Mikhail Ilich Romm

Romm, Mikhail Il’ich

 

Born Jan. 11 (24), 1901, in Irkutsk; died Nov. 1, 1971, in Moscow. Soviet film director and screenwriter. People’s Artist of the USSR (1950). Member of the CPSU from 1939.

Romm served in the Red Army from 1918 to 1921. In 1925 he graduated from the department of sculpture of the State Higher Arts and Technical Institute. He worked as a screenwriter and assistant film director. Romm’s first film, the silent film Dumpling (1934), was a satirical group portrayal of the bourgeois. In 1937 he filmed The Thirteen, which dealt with the conflict between the frontier guards and the Basmachi. His greatest contributions to classic Soviet cinematography were Lenin in October (1937) and Lenin in 1918(1939), with B. V. Shchukin in the role of V. I. Lenin. In 1949, Romm collaborated on the documentary Vladimir Ilich Lenin. His film Dream came out in 1943. Romm later directed a number of films in which he angrily castigated fascism: The Russian Question (1948), Secret Mission ( 1950), and Murder on Dante Street (1956).

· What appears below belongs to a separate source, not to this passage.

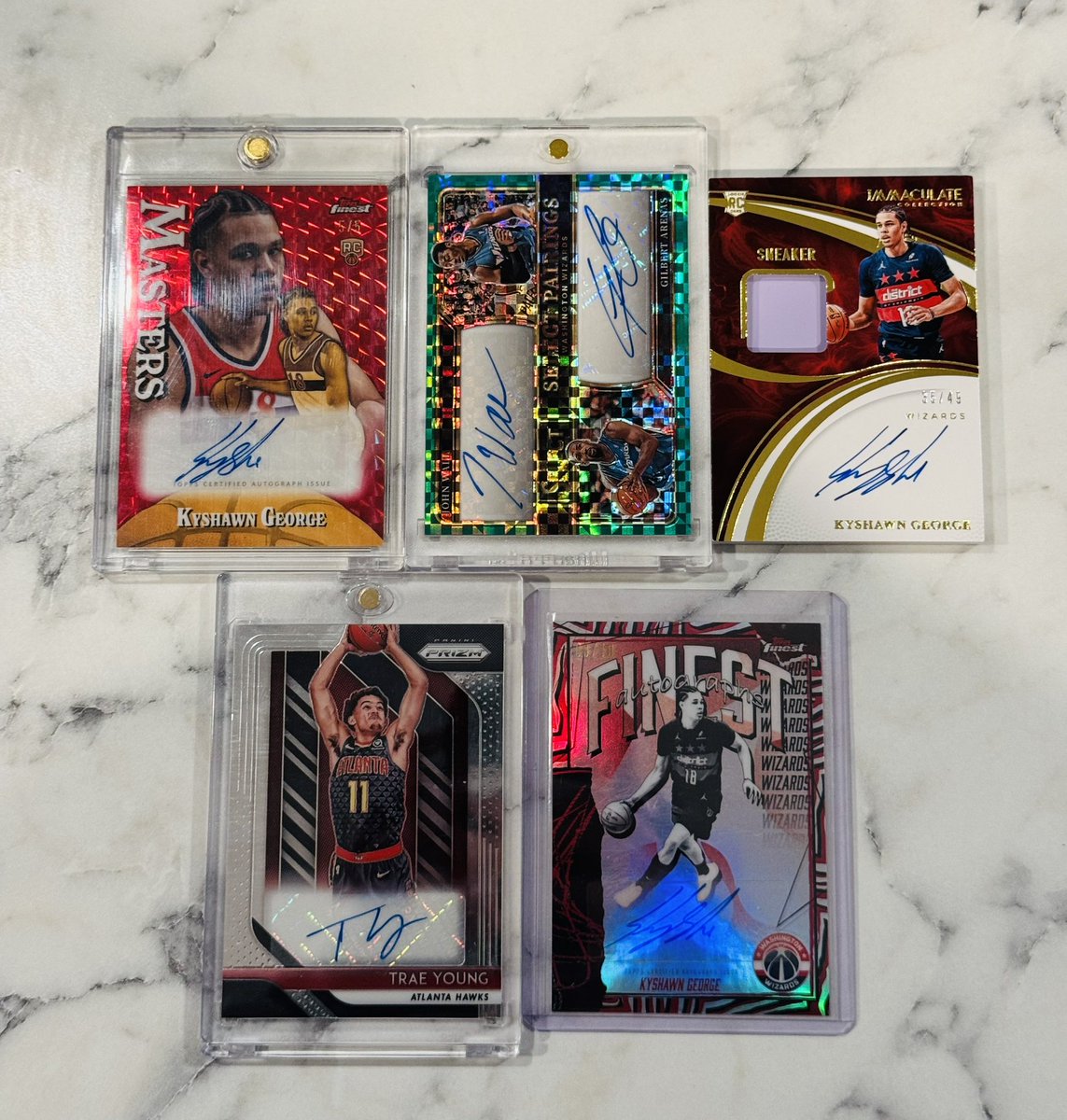 GKSportCards's tweet photo. Today’s PC Pickups 🏀 

Shoutout @CongeeCollects For The Deal On The Right

Trae Young Prizm Auto For $50… seems crazy cheap https://t.co/WKU1fTUHp8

Romm’s two-part historical film consisting of Admiral Ushakov and Ships Storm the Bastions (1953) was marked by breadth of scope. His Nine Days of One Year (1962) is devoted to Soviet physicists and their untiring scientific quest and unselfish daily heroism. Romm’s film Common Fascism (1966) became well known. It depicts the dramatic collision of the past, portrayed by means of documentary newsreel clips, and the present, revealed in textual commentary read by the director himself. The film’s analysis of the social nature of fascism and reflections on the fate of the postwar world give it political and philosophic significance.

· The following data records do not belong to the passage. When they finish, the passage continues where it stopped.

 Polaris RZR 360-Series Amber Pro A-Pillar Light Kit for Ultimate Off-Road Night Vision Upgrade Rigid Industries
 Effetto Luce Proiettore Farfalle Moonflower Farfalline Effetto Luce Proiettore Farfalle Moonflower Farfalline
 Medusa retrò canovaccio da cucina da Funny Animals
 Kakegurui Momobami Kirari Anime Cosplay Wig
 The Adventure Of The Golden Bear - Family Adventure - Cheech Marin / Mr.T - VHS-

Many of Romm’s films received prizes at international film festivals. Beginning in 1949, he taught intermittently at the All-Union State Institute of Cinematography, where he became a professor in 1958. He received the State Prize of the USSR in 1941, 1946, 1948, 1949, and 1951 and the Vasil’ev Brothers State Prize of the RSFSR in 1966. He was also awarded two Orders of Lenin, the Order of the October Revolution, the Order of the Red Banner of Labor, and several medals.

WORKS

Besedy o kino. Moscow, 1964.
Lektsii po kinorezhissure. Moscow, 1973.